What is being asked:
Find the line below with "Indoors closeup of" and the line with "Brembo 2 x Internally". Output them and the lines between, exactly, but not the pictures.

++++ Input for this task ++++

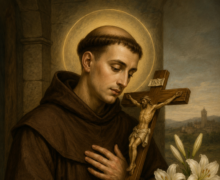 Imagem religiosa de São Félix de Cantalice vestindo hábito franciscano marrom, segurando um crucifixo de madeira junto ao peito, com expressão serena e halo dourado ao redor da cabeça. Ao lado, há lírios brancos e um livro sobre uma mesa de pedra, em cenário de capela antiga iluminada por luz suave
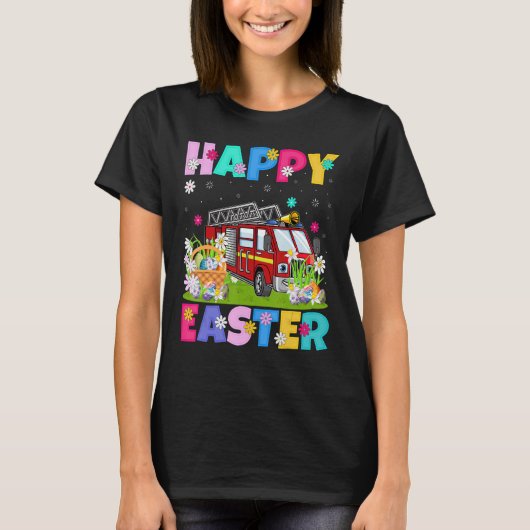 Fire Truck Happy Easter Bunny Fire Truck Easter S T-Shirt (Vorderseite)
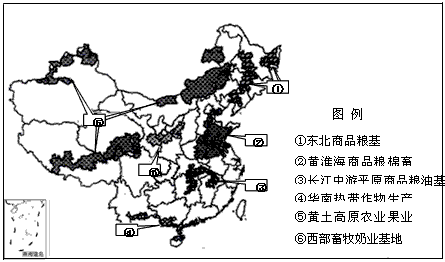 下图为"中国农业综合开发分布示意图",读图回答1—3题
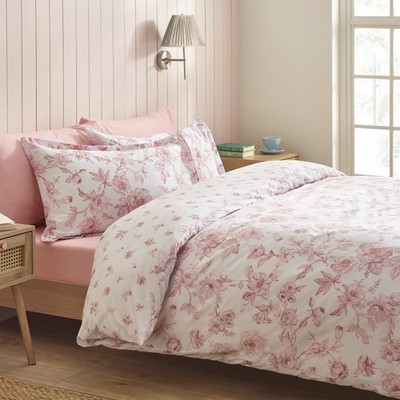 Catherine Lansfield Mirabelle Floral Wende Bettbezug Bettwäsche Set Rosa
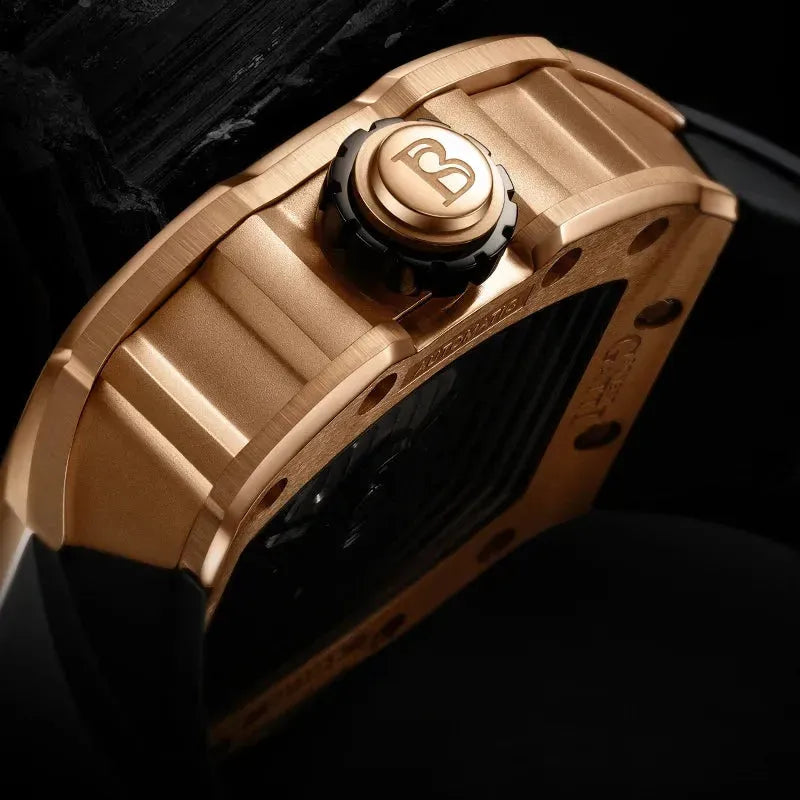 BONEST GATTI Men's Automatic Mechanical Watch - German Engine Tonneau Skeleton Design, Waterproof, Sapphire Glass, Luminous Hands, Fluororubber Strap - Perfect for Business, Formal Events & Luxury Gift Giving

++++
++++ Input for this task ++++

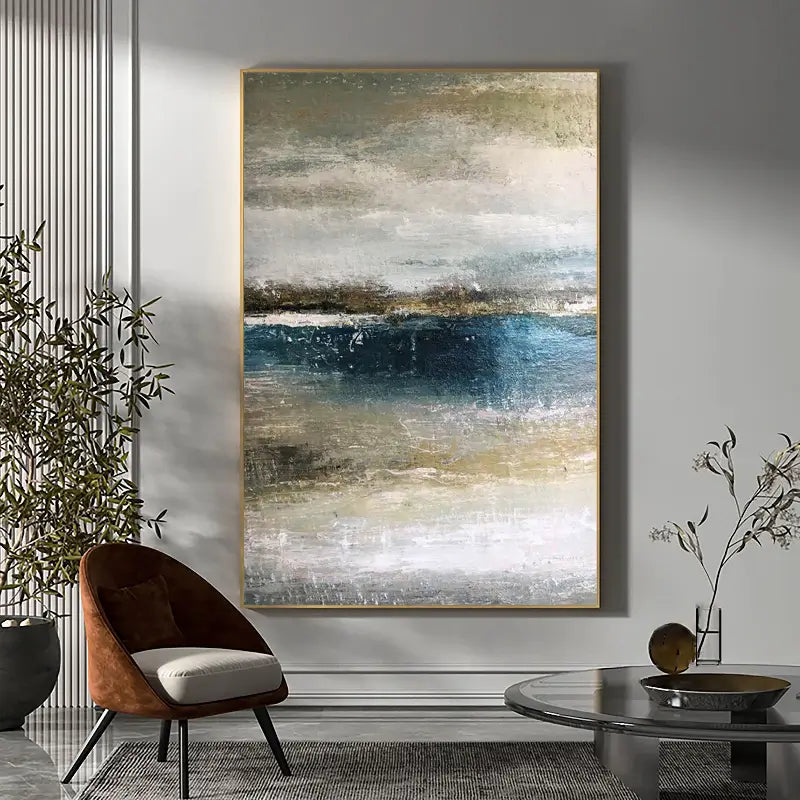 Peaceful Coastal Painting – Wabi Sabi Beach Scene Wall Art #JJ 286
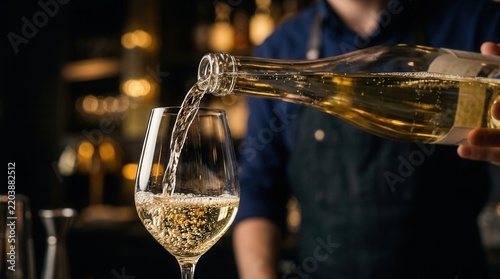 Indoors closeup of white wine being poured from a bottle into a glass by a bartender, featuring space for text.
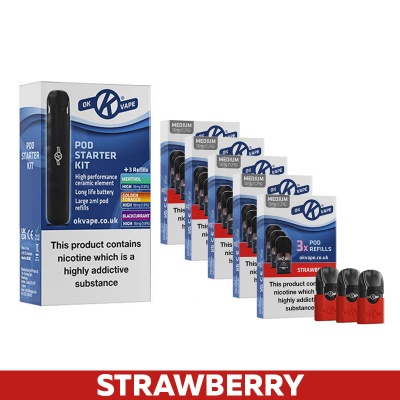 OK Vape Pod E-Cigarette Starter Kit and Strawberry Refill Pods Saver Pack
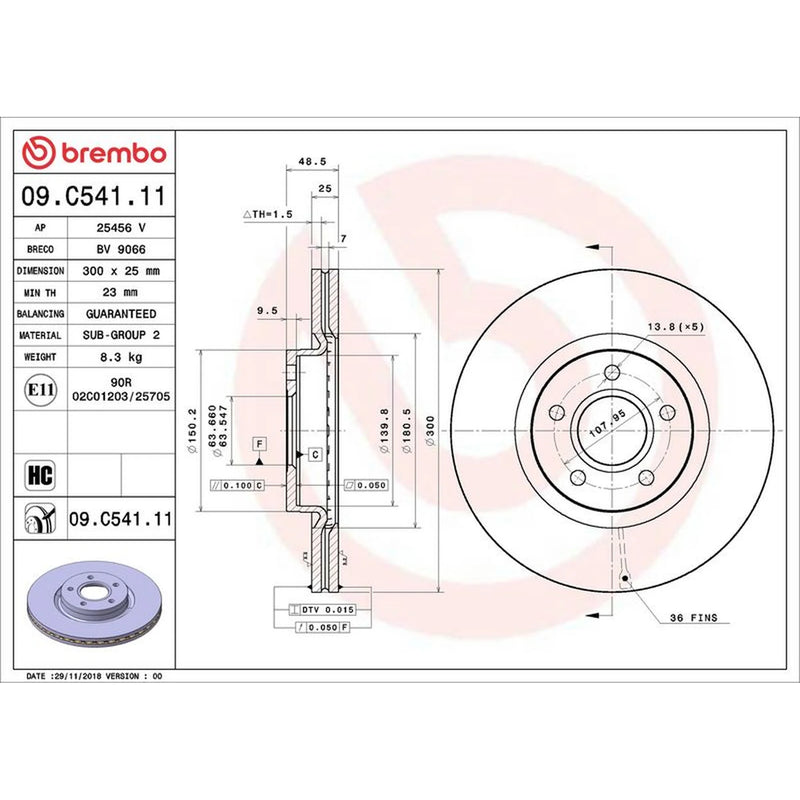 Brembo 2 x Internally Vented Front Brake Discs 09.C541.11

++++

Response to the exercise:
 Indoors closeup of white wine being poured from a bottle into a glass by a bartender, featuring space for text.
 OK Vape Pod E-Cigarette Starter Kit and Strawberry Refill Pods Saver Pack
 Brembo 2 x Internally Vented Front Brake Discs 09.C541.11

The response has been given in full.